Start of Block

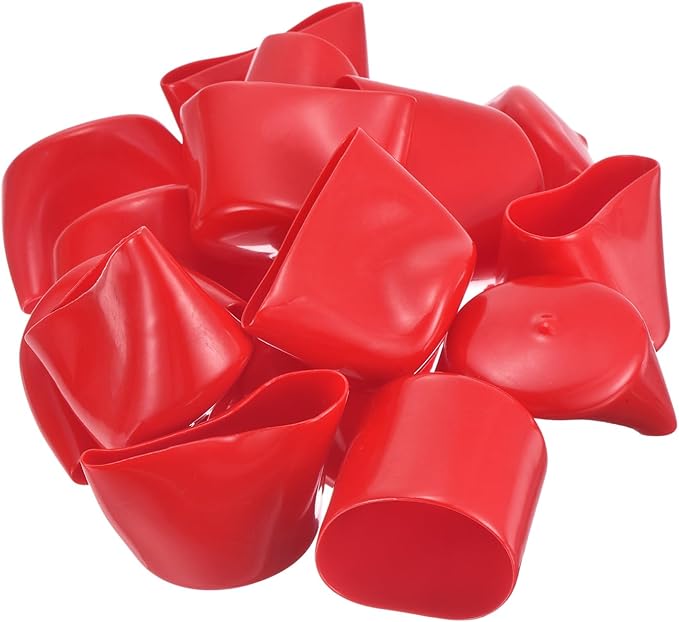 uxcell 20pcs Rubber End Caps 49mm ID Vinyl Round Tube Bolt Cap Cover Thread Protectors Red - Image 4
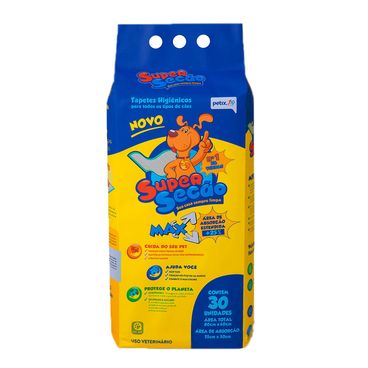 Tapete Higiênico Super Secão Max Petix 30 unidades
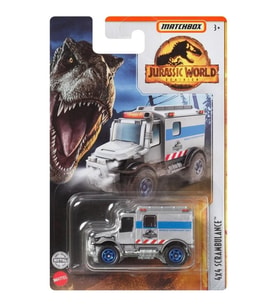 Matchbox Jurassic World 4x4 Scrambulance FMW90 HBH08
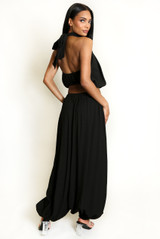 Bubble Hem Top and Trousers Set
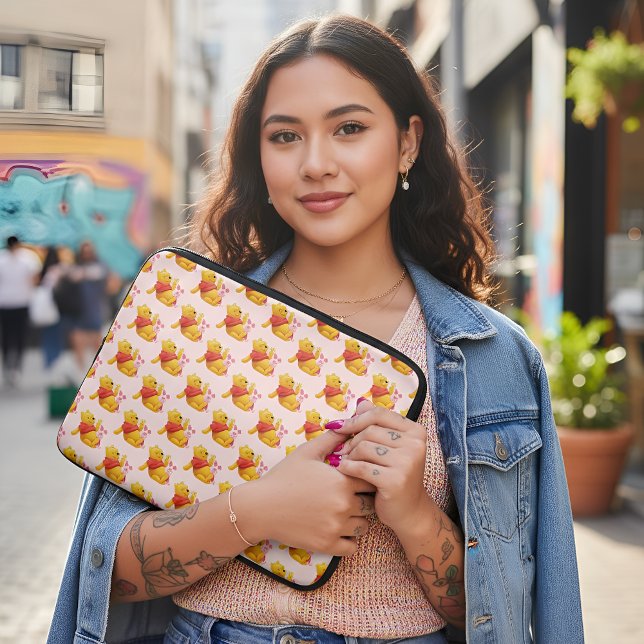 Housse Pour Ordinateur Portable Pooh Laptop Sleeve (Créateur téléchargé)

End of Block
Start of Block

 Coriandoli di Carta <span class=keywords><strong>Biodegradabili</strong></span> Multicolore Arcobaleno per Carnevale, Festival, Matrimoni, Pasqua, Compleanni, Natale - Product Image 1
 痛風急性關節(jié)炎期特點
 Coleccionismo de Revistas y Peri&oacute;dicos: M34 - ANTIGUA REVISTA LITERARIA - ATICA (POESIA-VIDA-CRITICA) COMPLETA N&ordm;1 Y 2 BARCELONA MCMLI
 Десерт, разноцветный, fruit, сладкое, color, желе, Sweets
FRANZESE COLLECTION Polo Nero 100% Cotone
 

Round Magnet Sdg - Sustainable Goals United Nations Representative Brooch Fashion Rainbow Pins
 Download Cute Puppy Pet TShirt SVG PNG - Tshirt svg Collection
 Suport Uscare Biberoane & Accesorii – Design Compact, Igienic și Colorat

End of Block

## EXERCISE OBJECTIVE
Starting at the line above that contains "痛風急性關節(jié)炎期特點", write out each line exactly until the line that contains "Десерт, разноцветный, fruit, сладкое, color, желе, Sweets" has been written, and stop there.

## SOLUTION TO THIS EXERCISE
 痛風急性關節(jié)炎期特點
 Coleccionismo de Revistas y Peri&oacute;dicos: M34 - ANTIGUA REVISTA LITERARIA - ATICA (POESIA-VIDA-CRITICA) COMPLETA N&ordm;1 Y 2 BARCELONA MCMLI
 Десерт, разноцветный, fruit, сладкое, color, желе, Sweets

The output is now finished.